この記事の連載

 世界最高峰のドリームチーム、米マイクロソフト社・シニアソフトウェアエンジニアの牛尾剛さん。44歳で米マイクロソフトに転職し、5年前からアメリカでAzure Functionsというクラウドサービスのエンジニアとして働いている。牛尾さんの著書である、世界一流のエンジニアたちの「思考法(マインドセット)」を綴った『世界一流エンジニアの思考法』も話題だ。牛尾さんが働く世界一流のグローバル企業にも、ジェンダー不平等はあるのか。「世界一」の職場での働き方を聞いた。


──日本はOECD加盟38カ国のなかで高等教育機関における自然科学・数学・統計学分野の卒業・修了生に占める女性の割合が最低という、世界的に理系女子が少ない国ですが、アメリカでは女性エンジニアが多く活躍しているのですか?

 日本に比べたら圧倒的に多いと思います。その人が優秀か否かという差はあっても、「女性」「男性」という区別はありません。

 女性エンジニアのなかには「もうちょっと女性が多くいたらいいな」と言っている人もいますが、人口の半分は女性ですし、プログラムを組むのに性差があるわけではないので、性別で雇用の機会を奪うなんて、会社にとっても大きな損失だと思います。

──昨年、男女の賃金格差を研究されていたクラウディア・ゴールディンさんがノーベル経済学賞を受賞されたことで、労働市場のジェンダー不平等は日本特有の問題ではないのだと気づいた人も多かったと思います。アメリカでも「ガラスの天井(グラスシーリング)」を感じることはありますか?

 少なくともマイクロソフトでは「あの人には敵わない」と思うことはあっても、「男性だから優秀」「女性だからできない」という考え方は一切ありません。
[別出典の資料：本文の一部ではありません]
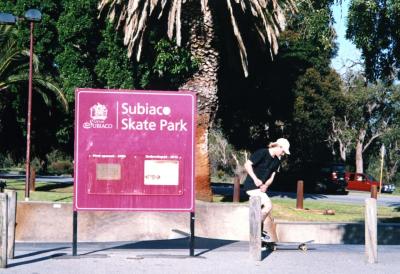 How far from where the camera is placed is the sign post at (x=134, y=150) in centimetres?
1006

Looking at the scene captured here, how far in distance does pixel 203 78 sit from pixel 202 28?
1629mm

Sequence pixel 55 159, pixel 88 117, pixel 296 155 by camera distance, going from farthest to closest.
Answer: pixel 55 159 < pixel 296 155 < pixel 88 117

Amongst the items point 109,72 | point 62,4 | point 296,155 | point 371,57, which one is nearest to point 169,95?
point 371,57

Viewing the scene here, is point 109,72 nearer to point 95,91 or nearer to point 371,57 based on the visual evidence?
point 371,57

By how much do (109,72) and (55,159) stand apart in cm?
5535

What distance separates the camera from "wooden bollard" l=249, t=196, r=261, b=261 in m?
9.91

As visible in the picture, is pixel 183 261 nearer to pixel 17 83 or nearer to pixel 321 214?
pixel 321 214

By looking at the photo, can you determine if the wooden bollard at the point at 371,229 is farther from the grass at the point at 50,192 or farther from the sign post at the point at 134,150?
the grass at the point at 50,192

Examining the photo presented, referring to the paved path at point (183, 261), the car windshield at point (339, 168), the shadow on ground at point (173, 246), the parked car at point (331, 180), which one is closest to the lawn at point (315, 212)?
the shadow on ground at point (173, 246)

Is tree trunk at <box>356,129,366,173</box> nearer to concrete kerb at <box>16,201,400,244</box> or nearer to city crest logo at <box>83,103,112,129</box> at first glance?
concrete kerb at <box>16,201,400,244</box>

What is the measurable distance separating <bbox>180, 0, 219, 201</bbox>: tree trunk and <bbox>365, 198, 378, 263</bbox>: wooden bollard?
11.8m

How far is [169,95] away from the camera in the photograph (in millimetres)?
10219

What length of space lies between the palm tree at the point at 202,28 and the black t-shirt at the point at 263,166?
36.1ft

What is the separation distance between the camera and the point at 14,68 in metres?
29.8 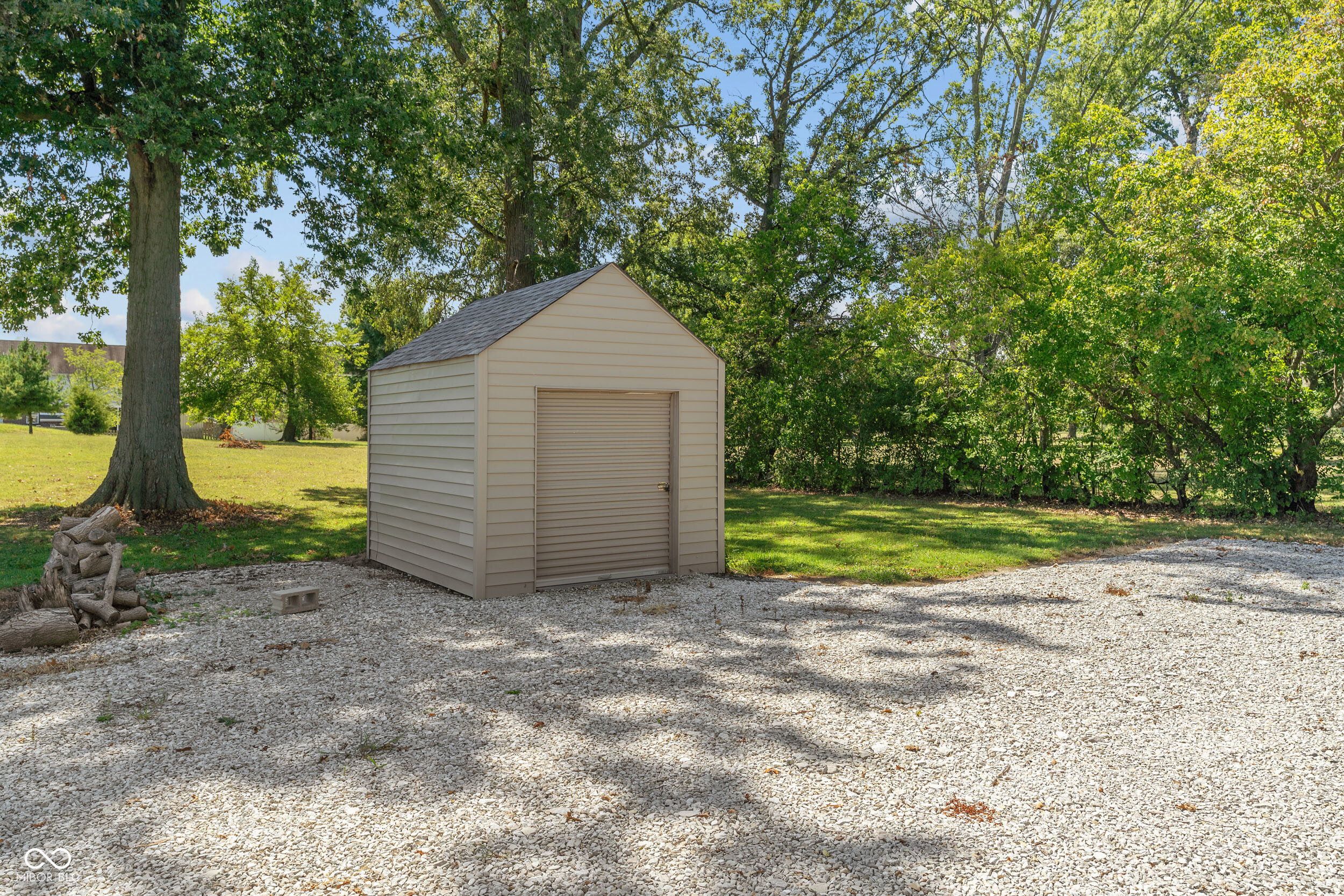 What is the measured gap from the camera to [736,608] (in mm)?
6996

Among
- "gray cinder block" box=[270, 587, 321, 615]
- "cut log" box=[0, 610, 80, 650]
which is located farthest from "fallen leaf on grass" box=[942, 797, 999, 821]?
"cut log" box=[0, 610, 80, 650]

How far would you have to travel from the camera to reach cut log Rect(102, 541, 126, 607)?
636cm

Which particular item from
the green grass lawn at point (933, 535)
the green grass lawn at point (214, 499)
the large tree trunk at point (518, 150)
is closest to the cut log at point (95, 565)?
the green grass lawn at point (214, 499)

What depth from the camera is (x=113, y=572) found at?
652cm

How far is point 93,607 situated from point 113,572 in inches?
14.3

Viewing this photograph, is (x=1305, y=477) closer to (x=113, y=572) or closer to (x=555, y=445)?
(x=555, y=445)

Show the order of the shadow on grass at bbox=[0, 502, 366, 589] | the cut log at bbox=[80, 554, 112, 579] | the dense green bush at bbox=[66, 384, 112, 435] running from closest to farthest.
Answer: the cut log at bbox=[80, 554, 112, 579] < the shadow on grass at bbox=[0, 502, 366, 589] < the dense green bush at bbox=[66, 384, 112, 435]

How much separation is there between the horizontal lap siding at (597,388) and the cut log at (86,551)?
3.29 metres

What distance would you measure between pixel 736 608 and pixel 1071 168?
14.3 m

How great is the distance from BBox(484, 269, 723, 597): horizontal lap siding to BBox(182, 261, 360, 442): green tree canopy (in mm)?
22202

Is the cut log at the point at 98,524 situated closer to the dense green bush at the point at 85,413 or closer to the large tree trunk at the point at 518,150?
the large tree trunk at the point at 518,150

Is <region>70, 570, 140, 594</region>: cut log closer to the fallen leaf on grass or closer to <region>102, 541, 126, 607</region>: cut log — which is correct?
<region>102, 541, 126, 607</region>: cut log

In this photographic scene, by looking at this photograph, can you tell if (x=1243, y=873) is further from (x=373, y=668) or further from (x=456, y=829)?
(x=373, y=668)

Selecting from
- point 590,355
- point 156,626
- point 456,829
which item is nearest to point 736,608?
point 590,355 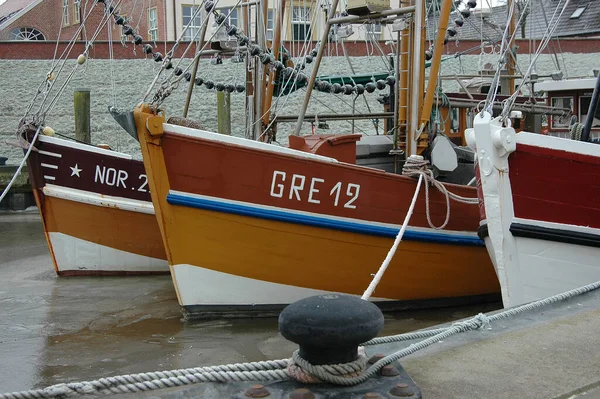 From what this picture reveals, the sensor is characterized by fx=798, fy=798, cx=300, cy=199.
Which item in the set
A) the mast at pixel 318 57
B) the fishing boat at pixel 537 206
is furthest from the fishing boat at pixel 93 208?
the fishing boat at pixel 537 206

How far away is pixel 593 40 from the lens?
89.2ft

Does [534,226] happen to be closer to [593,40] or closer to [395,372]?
[395,372]

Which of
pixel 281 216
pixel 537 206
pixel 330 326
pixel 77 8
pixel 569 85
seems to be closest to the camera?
pixel 330 326

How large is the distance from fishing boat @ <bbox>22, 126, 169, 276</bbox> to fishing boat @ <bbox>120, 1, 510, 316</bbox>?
2886 mm

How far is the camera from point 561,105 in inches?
409

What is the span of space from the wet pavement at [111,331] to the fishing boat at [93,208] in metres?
0.22

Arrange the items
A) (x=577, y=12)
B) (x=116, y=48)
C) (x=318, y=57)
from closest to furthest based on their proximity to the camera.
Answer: (x=318, y=57) → (x=116, y=48) → (x=577, y=12)

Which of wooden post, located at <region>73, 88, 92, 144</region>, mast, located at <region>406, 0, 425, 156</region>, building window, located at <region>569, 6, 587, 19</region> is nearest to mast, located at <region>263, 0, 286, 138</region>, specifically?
mast, located at <region>406, 0, 425, 156</region>

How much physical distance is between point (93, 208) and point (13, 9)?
3443cm

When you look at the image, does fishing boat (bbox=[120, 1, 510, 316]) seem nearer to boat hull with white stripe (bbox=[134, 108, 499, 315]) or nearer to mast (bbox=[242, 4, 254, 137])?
boat hull with white stripe (bbox=[134, 108, 499, 315])

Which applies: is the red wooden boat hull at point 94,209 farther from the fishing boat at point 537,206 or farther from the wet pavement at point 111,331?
the fishing boat at point 537,206

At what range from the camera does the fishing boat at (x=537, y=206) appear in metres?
6.00

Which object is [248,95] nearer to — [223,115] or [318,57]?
[318,57]

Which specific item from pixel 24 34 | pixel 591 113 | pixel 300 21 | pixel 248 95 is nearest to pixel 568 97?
pixel 300 21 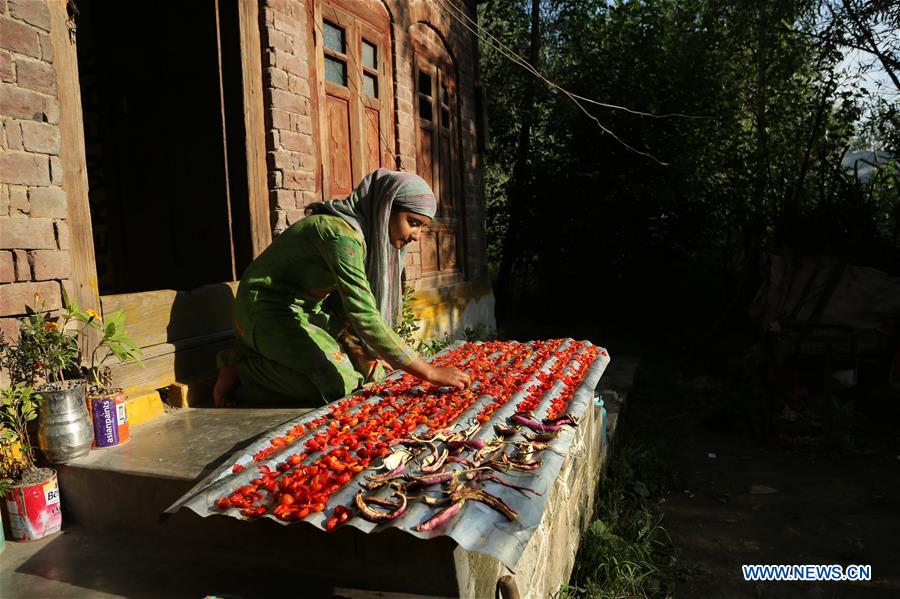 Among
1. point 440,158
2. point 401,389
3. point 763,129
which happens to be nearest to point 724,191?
point 763,129

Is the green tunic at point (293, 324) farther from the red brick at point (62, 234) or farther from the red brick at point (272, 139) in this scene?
the red brick at point (272, 139)

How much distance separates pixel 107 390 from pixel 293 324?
3.42ft

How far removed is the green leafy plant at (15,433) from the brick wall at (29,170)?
1.07ft

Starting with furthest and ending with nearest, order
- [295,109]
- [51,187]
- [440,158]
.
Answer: [440,158]
[295,109]
[51,187]

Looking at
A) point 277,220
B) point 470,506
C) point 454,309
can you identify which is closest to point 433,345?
point 454,309

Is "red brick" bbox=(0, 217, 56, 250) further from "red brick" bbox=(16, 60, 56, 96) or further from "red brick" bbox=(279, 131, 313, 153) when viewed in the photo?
"red brick" bbox=(279, 131, 313, 153)

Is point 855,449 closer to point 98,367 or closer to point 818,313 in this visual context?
point 818,313

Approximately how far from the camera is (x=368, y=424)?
3014 mm

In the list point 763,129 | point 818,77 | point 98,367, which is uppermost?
point 818,77

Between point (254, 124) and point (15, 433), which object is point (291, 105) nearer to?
point (254, 124)

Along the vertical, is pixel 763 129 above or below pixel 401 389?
above

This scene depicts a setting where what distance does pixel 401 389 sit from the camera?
3.64 metres

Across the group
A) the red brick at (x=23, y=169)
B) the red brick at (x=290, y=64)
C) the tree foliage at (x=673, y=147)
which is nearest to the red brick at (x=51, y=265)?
the red brick at (x=23, y=169)

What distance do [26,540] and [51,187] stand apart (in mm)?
1674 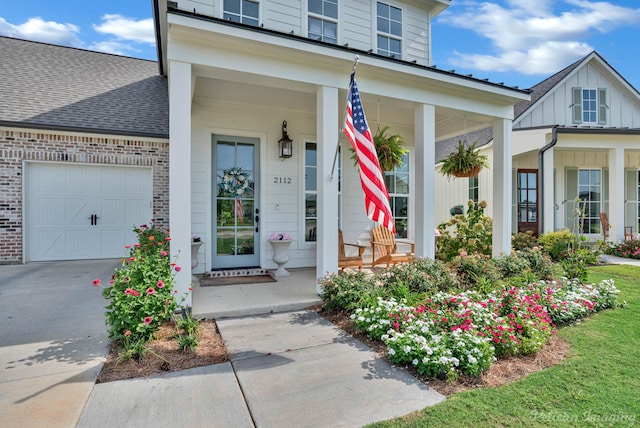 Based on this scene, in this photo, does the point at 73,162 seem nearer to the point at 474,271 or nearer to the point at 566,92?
the point at 474,271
 実際、プリンシパルエンジニアのグレナはひときわ優秀なエンジニアとしてみんなから一目置かれている若手の女性です。また、僕のマネージャーのプラグナーも抜きん出て優秀な女性です。プラグナーは10人くらいのチームメンバーの状況を完璧に理解し、常にみんなが快適に働ける場をつくってくれる敏腕マネージャーですが、指示ではなく、それぞれが自分で考えてできるように手助けをしてくれるので、チームメンバーの個々の能力向上にも大きく貢献しています。

 僕は男性なので、日本にいたときは同僚の女性がグラスシーリングで苦しんでいるのを見て、そういうのがあるんだなと頭で理解するくらいでしたが、アメリカに来てはじめて、日本がいかにジェンダー不平等な社会だったかを実感しています。